The diameter of the wafer W is 300 mm. In order to carry the wafer W in and out from the transfer port 25, the transfer port 25 is opened to a width D slightly larger than 300 mm. In order to carry the edge ring 36 larger than the wafer W in and out from the transfer port 25, the outer diameter of the edge ring 36 must be smaller than the width D of the transfer port 25.

On the other hand, the outer diameter of the edge ring 36 is one of the process conditions for performing a predetermined process on the wafer W and must be larger than a predetermined size (for example, about 320 mm to 370 mm). Therefore, if the edge ring 36 is not divided, the edge ring 36 cannot be transported using the transport port 25 .

In view of the above considerations, the edge ring 36 of the present embodiment is divided into a first edge ring 361 on the inner side to be transported and a second edge ring 362 on the outer side not to be transported. Thus, the first edge ring 361 has a diameter φ smaller than the lateral width D of the transport port 25 and can be transported from the transport port 25. On the other hand, the second edge ring 362 has a diameter larger than the lateral width D of the transport port 25 and is not intended to be automatically transported from the transport port 25 but is fixed to the electrostatic chuck 38. Thereby, the first edge ring 361 can be carried in and out of the transfer port 25 in the same manner as the wafer W without opening the lid of the processing container 10.

Furthermore, by the above-mentioned structure, the DC voltage applied to the first electrode 44 and the second electrode 45 can be controlled separately. For example, when the first edge ring 361 is transported, the DC voltage can be stopped from being supplied to the first electrode 44, while the DC voltage can be continuously supplied to the second electrode 45 of the second edge ring 362 on the non-transported side. Therefore, when the first edge ring 361 is transported, the electrostatic attraction of the second edge ring 362 on the non-transported side can be maintained, while the attraction of the first edge ring 361 on the transported side can be released.

[Electrode pattern] As described above, the first electrode 44 and the second electrode 45 are independently controlled by the control unit 100. Thus, when the first edge ring 361 is transported, the first edge ring 361 can be transported while the position of the second edge ring 362 does not deviate and remains fixed.

When the first electrode 44 and the second electrode 45 are single electrodes, when positive charge is supplied to the electrode of the electrostatic chuck 38, negative charge must be gathered on the first edge ring 361 and the second edge ring 362 to generate Coulomb force. Therefore, the first edge ring 361 and the second edge ring 362 must have a path connected to the ground. For example, in the processing space, if plasma is generated, a path to the ground (the processing container 10 with a ground) can be created by the plasma. Therefore, even if the first electrode 44 and the second electrode 45 are single electrodes, the first edge ring 361 and the second edge ring 362 can be electrostatically attracted.

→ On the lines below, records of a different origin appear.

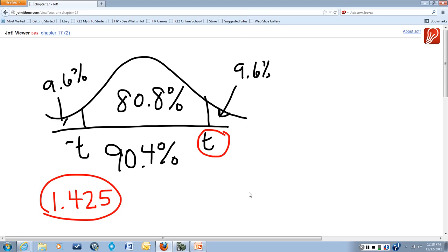So our answer for the critical value that corresponds to a confidence level of 80.8% with that sample size of 9 is 1.425.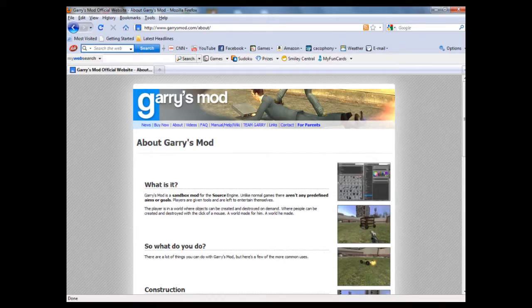I will be filming my project on a program called Garry's Mod. Garry's Mod allows you to open up specific games and play around with the models and do what you want. This is where all the animation is going to be done.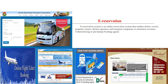An e-reservation system is an online reservation system that enables hotels, resorts, proprietary owners, theatre operators, transport companies, etc. to maximize revenues without having to put human booking agents.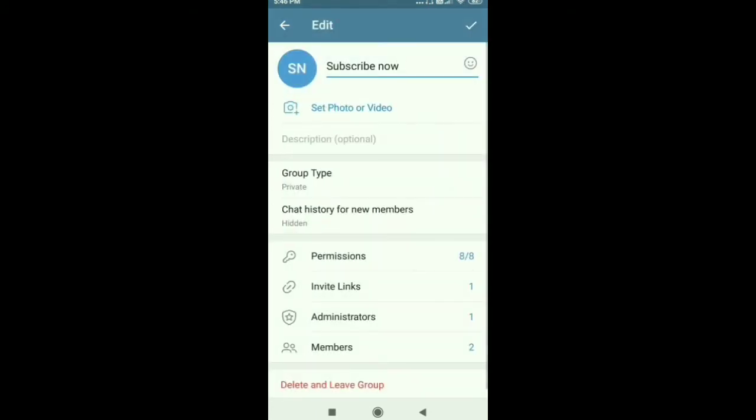Here you can see if you want to change your name just change your name, and the second option is set photo or video. So just click on set photo or video.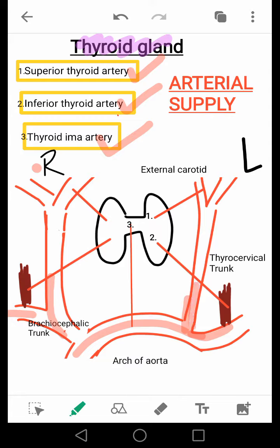This common carotid artery then gives rise to the external carotid artery and the internal carotid artery. From the external carotid artery arises the superior thyroid artery. For the inferior thyroid artery, the subclavian artery gives rise to the thyrocervical trunk, and this thyrocervical trunk gives a branch of the inferior thyroid artery. It is believed that the thyroid ima artery arises directly from the aorta and supplies the isthmus.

However, plasma is not generated when the first edge ring 361 is transported. Therefore, there is no path for connecting the first edge ring 361 and the second edge ring 362 to the ground, and the first edge ring 361 and the second edge ring 362 cannot be electrostatically attached.

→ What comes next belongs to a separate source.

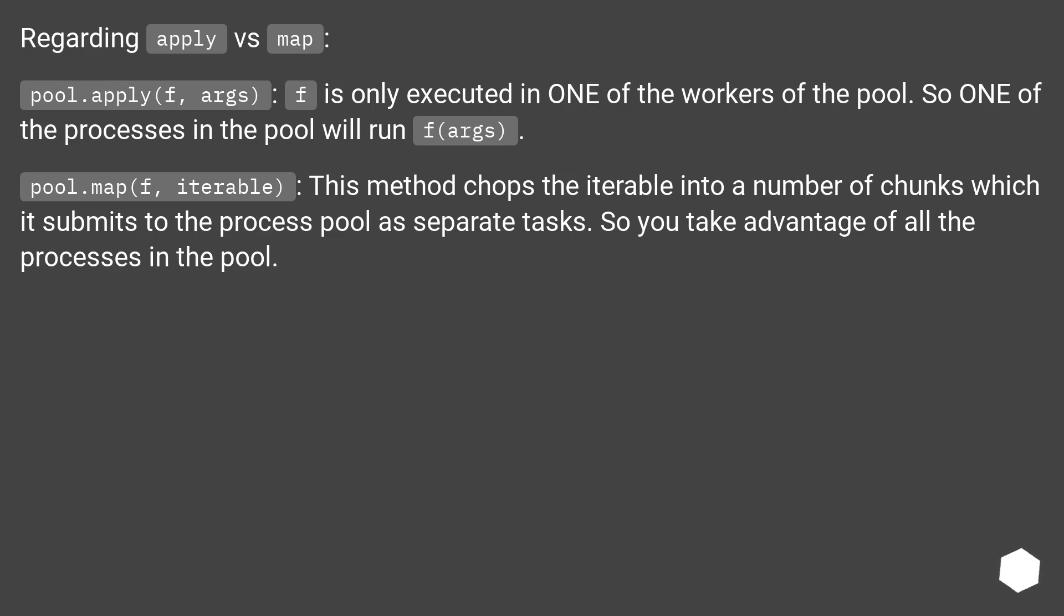pool.map(f, iterable): This method chops the iterable into a number of chunks which it submits to the process pool as separate tasks. So you take advantage of all the processes in the pool.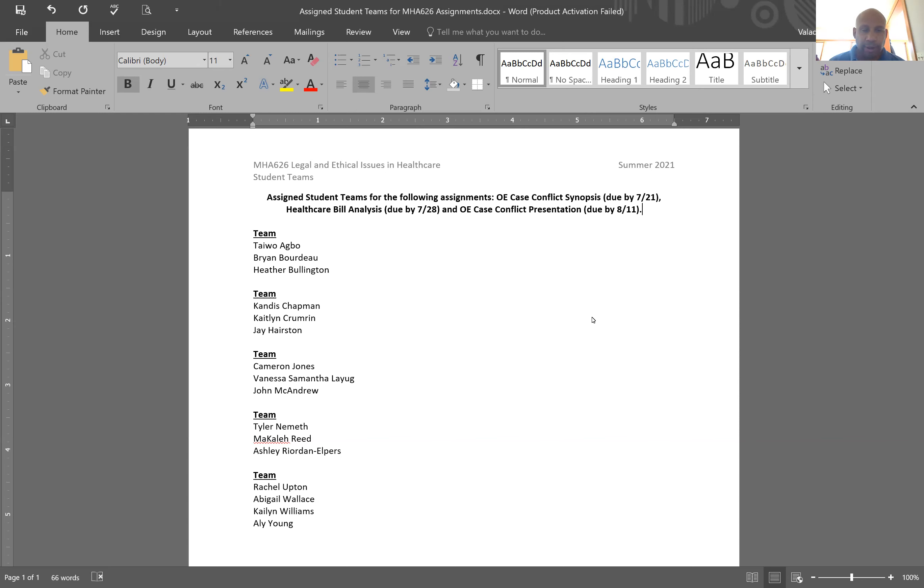So you can see on my shared screen the teams. You'll also see this in the Blackboard site. I've just randomly divided up the class into teams of three and then one team of four.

Therefore, the first electrode 44 and the second electrode 45 of the present embodiment are each divided into a plurality of patterns (hereinafter also referred to as "electrode patterns"), and different voltages are applied to the plurality of electrode patterns formed by dividing the first electrode 44 and the second electrode 45. In this way, the first electrode 44 and the second electrode 45 are bipolar electrodes by providing a potential difference in the divided patterns, so that the first edge ring 361 and the second edge ring 362 can be electrostatically adsorbed independently.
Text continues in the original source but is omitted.